Dans Le Second rang du collier,Judith Gautier fait le récit de sa rencontre amoureuse avec un oriental, Son Excellence le Général Mohsen Xân, chargé, par sa Majesté le Šâh de Perse, d’une mission extraordinaire. Elle admire le talent poétique de ce Général qui imite avec succès Omar Xayyâm. Grâce à celui-ci, elle découvre la poésie persane à laquelle elle prend goût. Elle dit à ce sujet à son père : « D’ailleurs, depuis quelque temps, j’ai une préférence pour une sorte de poésie, toute spéciale, et plus difficile que toute autre, à ce qu’il me semble. C’est Mohsin-Khan qui m’a donné ce goût nouveau, en me récitant des vers de Kheyam, d’Hafiz ou de Saadi… C’est tout court, ces poèmes persans : un distique, un quatrain ; mais c’est parfait et complet, comme une perle ou un diamant. Même à travers la prose et la gaucherie du mot à mot, on comprend ce que cela doit être 310 . »
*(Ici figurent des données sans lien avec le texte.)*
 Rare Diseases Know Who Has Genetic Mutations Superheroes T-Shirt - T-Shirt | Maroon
Plus tard, en 1886, elle publie Iskender qu’elle dédie à Mohsen Xân. La rencontre amoureuse entre Judith Gautier et Mohsen Xân et celle de Rouscheneck et Bithekoum dans Iskender ont peut-être certains points communs.

Bithekoum, l’envoyé d’Eskender, en contemplant pour la première fois Rouscheneck, la fille du roi, se dit : « Voici une fleur […] qui a été dérobée au jardin d’Ormuz 311 . » Cette phrase ressemble à celle qui est adressée par le Général Mohsen Xân à Judith Gautier dans Le Second rang du collier : « Vous êtes comme une plante née par hasard dans un sol étranger 312 … »
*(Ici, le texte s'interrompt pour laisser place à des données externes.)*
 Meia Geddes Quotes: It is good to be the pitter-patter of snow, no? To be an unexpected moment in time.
Bithekoum rencontre Rouscheneck lors de sa promenade le long du fleuve tout comme Mohsen Xân rencontre Judith Gautier lors de sa promenade sur l’eau.

Mohsen Xân provoque l’indignation de Judith Gautier en lui envoyant un baiser du bout des doigts. Plus tard, cette colère disparaît et se transforme en sentiment amoureux : « Je sentais s’évaporer ma fâcherie, pas très sérieuse, contre un personnage aussi singulier et qui m’était, au fond, très sympathique. Cela m’amusait, maintenant, qu’il y eût un secret entre lui et moi 313 . »
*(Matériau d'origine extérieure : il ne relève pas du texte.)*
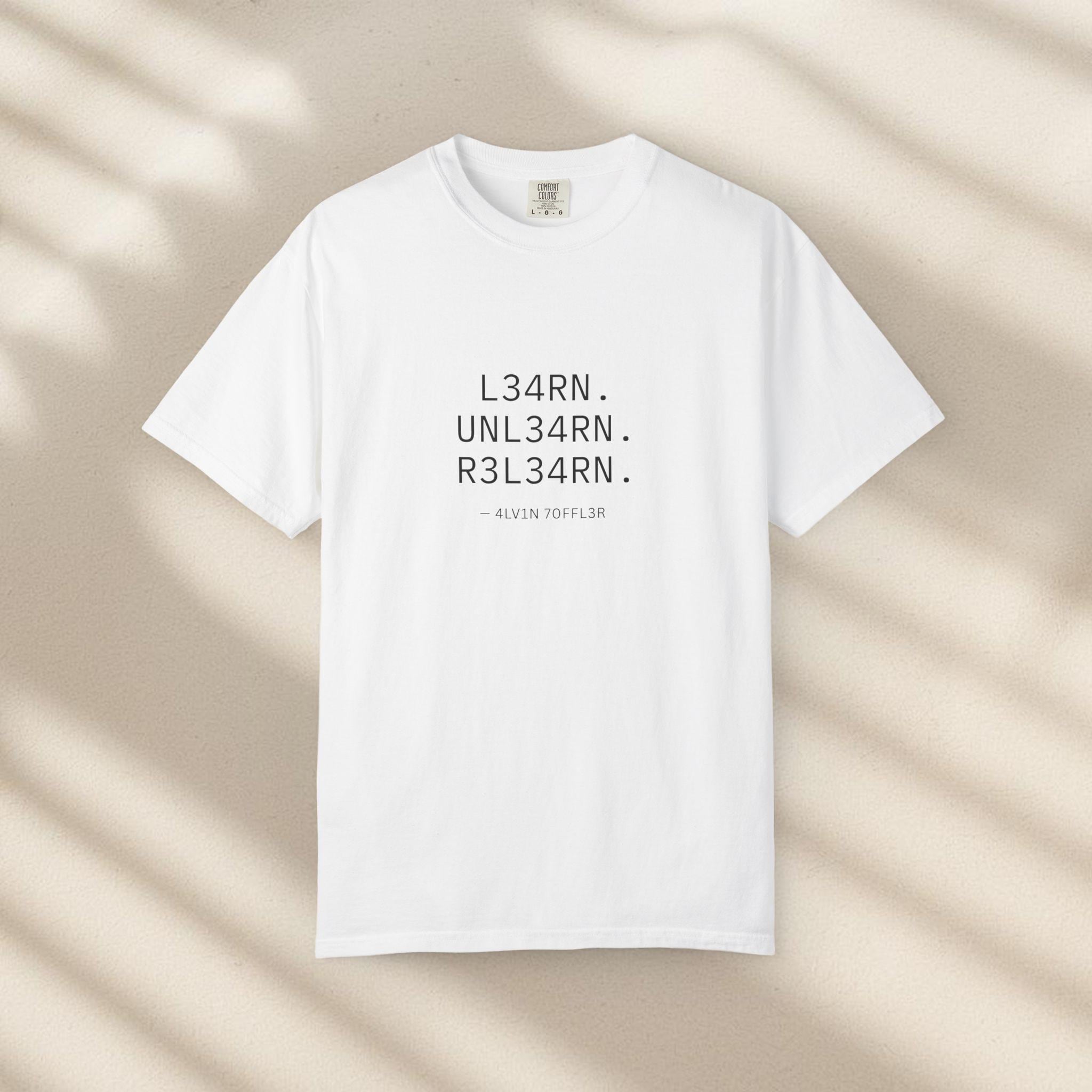 Learn. Unlearn. Relearn. T-shirt | A Clean, Coded Message About ...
Bithekoum, en entrant sans permission sous la tente de Rouscheneck, agresse l’intimité de la fille du roi Dârâ, d’où la colère de celle-ci. Mais, cette indignation disparaît et Rouscheneck tombe amoureuse de Bithekoum :

‘« Et une langueur inconnue l’envahissait sous le regard ardent et humble de Bithekoum.
- Qui donc es-tu ? murmura-t-elle presque involontairement, et sentant que, malgré elle, s’éteignait la colère de ses regards 314 . »
Comme Judith Gautier, cette rencontre amuse Rouscheneck : « [Elle] se cacha le visage dans ses mains, comme si elle eût été en proie au plus furieux désespoir ; mais, en vérité, elle voilait seulement le joyeux sourire de ses lèvres 315 . »
Pour se racheter, Bithekoum ainsi que Mohsen Xân décident de se tuer même si chez ce dernier, il s’agit plutôt d’un chantage. Voici ce que dit Mohsen Xân à ce sujet : « Si vous ne me permettez pas de demander mon pardon, je me laisse couler et je disparais 316 . » Et voici ce que dit Bithekoum à ce sujet : « - O Rouscheneck […], cesse de te désespérer. De cette existence qui cause ton ressentiment je te délivrerai moi-même.
Il tira brusquement son glaive du fourreau 317 . »’

Notes
308.

Gautier Judith. Le Collier des jours, souvenirs de ma vie. Paris, Imp. Paul Dupont, 1902, p. 182.

309.

Ibid.

310.

GautierJudith. Le Second rang du collier, souvenirs littéraires, préface d’Agnès de Noblet. Paris, L’Harmattan, 1999, p. 282.

311.

Iskender, éd. cit., p. 22.

312.

P. 333.

313.

Le Second rang du collier, éd. cit.,p. 239.

314.

Iskender, éd. cit., p. 24.

315.

Ibid., p. 25.

316.

Le Second rang du collier, éd. cit., p. 243.

317.

Iskender, éd. cit., p. 25.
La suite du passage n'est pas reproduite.